Christopher Armitage
English

To this day I believe that the War Literature course was the best course I ever took in school and that Dr. Armitage was the best professor I ever had. Because of Dr. Armitage, I am a better writer, reader, thinker, and attorney. No other professor at UNC has remained with me throughout my career as has Dr. Armitage. If anyone deserves a lifetime achievement award, it is this professor whose positive influence has remained with this former student throughout a lifetime.

Such is the praise offered time and again for this member of UNC Chapel Hill's English faculty for over 40 years. He joined the UNC faculty immediately upon receiving his Ph. D. from nearby Duke University having arrived in America soon after receiving Bachelors and Masters degrees in English Literature at Oxford University and another Masters degree in Canadian literature at Western Ontario University. Throughout his many years in the United States Prof. Armitage has maintained deep connections to his native England through teaching and writing about its most notable authors. He has also returned to the UK numerous times accompanied by groups of UNC students and generously shared with them his knowledge of Shakespeare and other writers but also of other notable cultural institutions, including Rugby matches and English pubs. As Prof. Armitage liked to note when recruiting students for his summer study abroad programs in England, "I am well acquainted with the language."

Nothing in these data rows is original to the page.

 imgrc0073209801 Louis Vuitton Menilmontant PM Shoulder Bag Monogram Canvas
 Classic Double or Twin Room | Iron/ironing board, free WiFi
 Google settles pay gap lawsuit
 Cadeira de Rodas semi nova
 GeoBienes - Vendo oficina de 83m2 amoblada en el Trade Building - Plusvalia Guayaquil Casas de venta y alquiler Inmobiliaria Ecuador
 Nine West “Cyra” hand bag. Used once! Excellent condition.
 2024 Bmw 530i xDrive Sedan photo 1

Students who have accompanied him to England often comment on his extremely high level of personal engagement, which was so strong it was impossible for them not to become equally engaged in the literature they studied and the various sites they visited. For many students accompanying him to England, whether as part of his yearly summer programs in Oxford, or during one of the semester-long programs he has also directed in London, was a transformative experience.

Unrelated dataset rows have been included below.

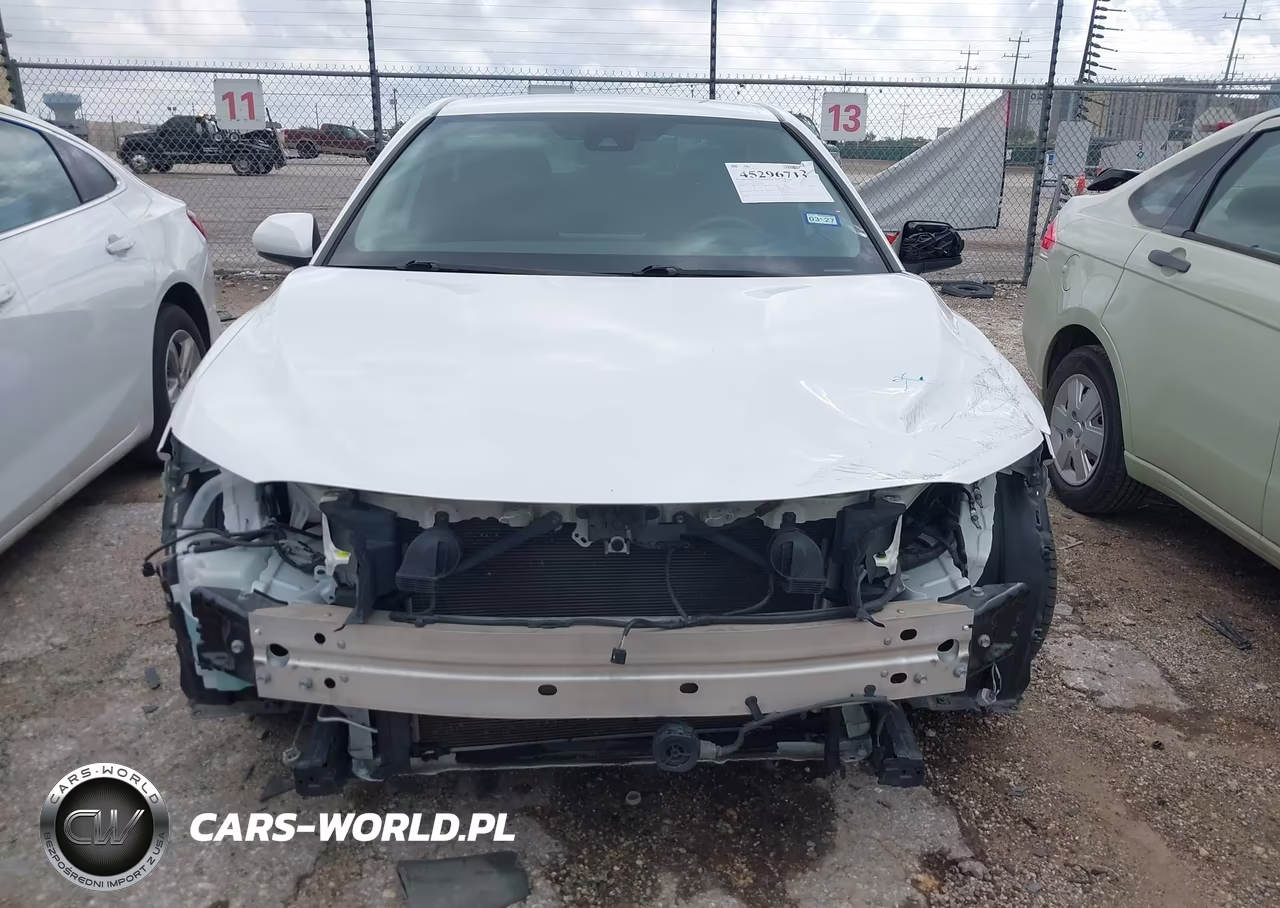 2022 Toyota Camry Le Hybrid VIN:4T1C31AK1NU041680 - 13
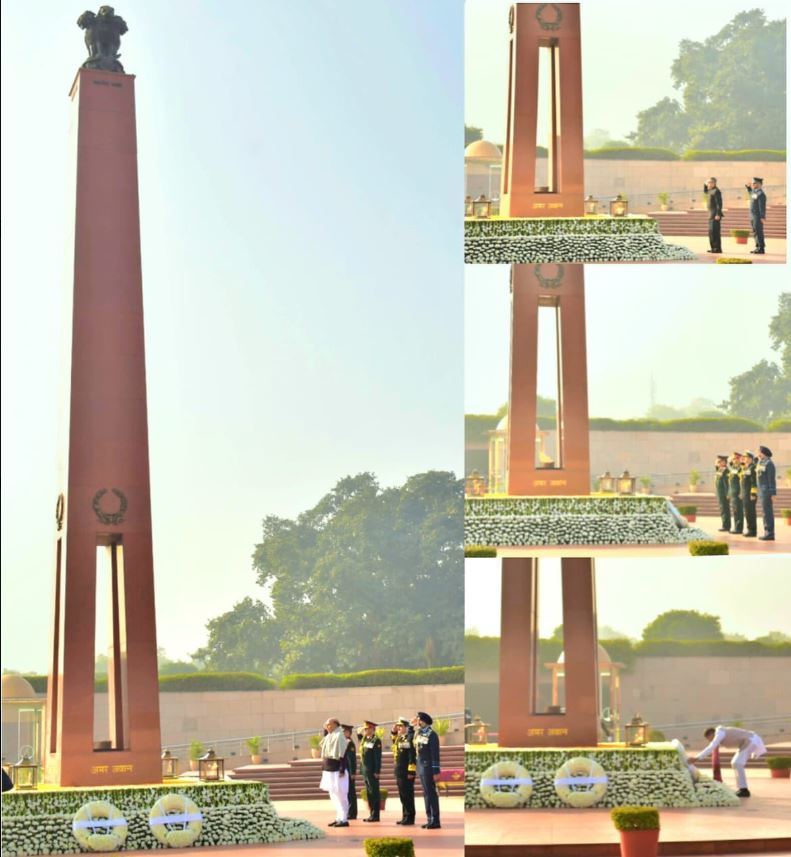 Hon’ble DM Sh Rajnath Singh, RRM, CDS, COAS, CAS, VCNS & Def Secy paid homage at NWM on 16 Dec 25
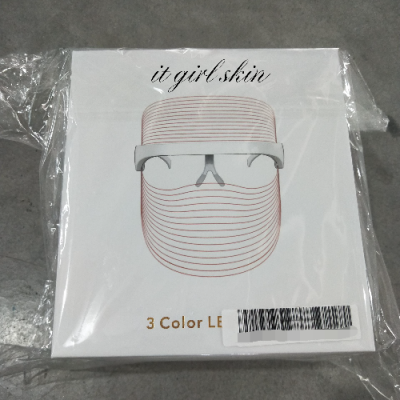 Clean Girl's LED Face Mask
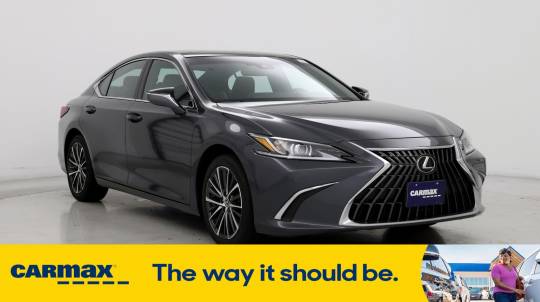 2022 Lexus ES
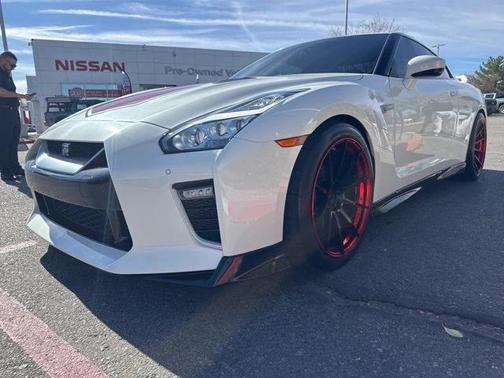 2020 Nissan GT-R Premium Dual-clutch 6-Speed Transmission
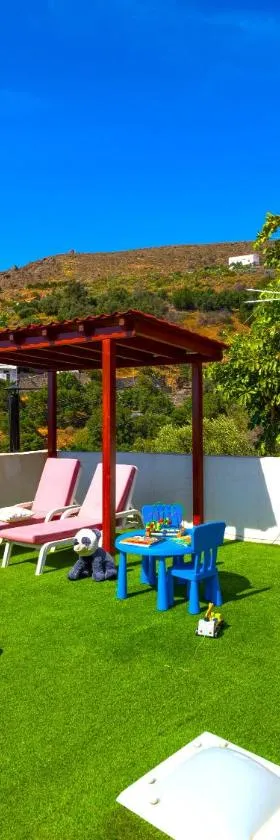 FAMILY COTTAGE AMONG OLIVE TREES，位于阿古伊梅斯的酒店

I can honestly say that Christopher Armitage is responsible for one of the most memorable experiences of my life. Whether we were attending a performance with world renowned actors, reading sonnets on a sunny patch of grass, or simply talking informally, Armitage made Shakespeare--and London--come alive for me.

A scholar of amazing breadth, Professor Armitage has taught over 20 different English courses over his long career in the Chapel Hill classrooms. These have included Modern Poetry and Drama, Shakespeare, Seventeenth-Century Prose and Poetry, Milton, Literature of the Two World Wars, Freshman Composition and First-Year Seminars. In all his courses, his students and colleagues report that he was able to promote a high level of intellectual discourse while maintaining exceptional personal contact and motivation.

Dr. Armitages's requirement that students submit papers to his critical pen was both intimidating and rewarding. While he meticulously pointed out the errors of grammar and syntax, and ways to improve certain passages, he was also quick to praise innovative thinking and artfully worded phrases. Dr. Armitage pushed me to not only write more clearly and concisely, but also to think and to understand more fully what I was reading, what I was saying, and the effect on the listener.

Christopher Armitage has also shared his knowledge across the State of North Carolina by long service with the Carolina Speakers' Bureau. Few who have heard him speak have failed to be impressed not only by his expertise but also by his obvious love and gift for stimulating an appreciation for English literature in others. Not surprisingly he has won virtually every teaching award available to Chapel Hill faculty and was twice awarded a Bowman and Gordon Gray Chair for his excellence in teaching. It is small wonder then that Christopher Armitage is known locally as "The Chapel Hillian Mr. Chips."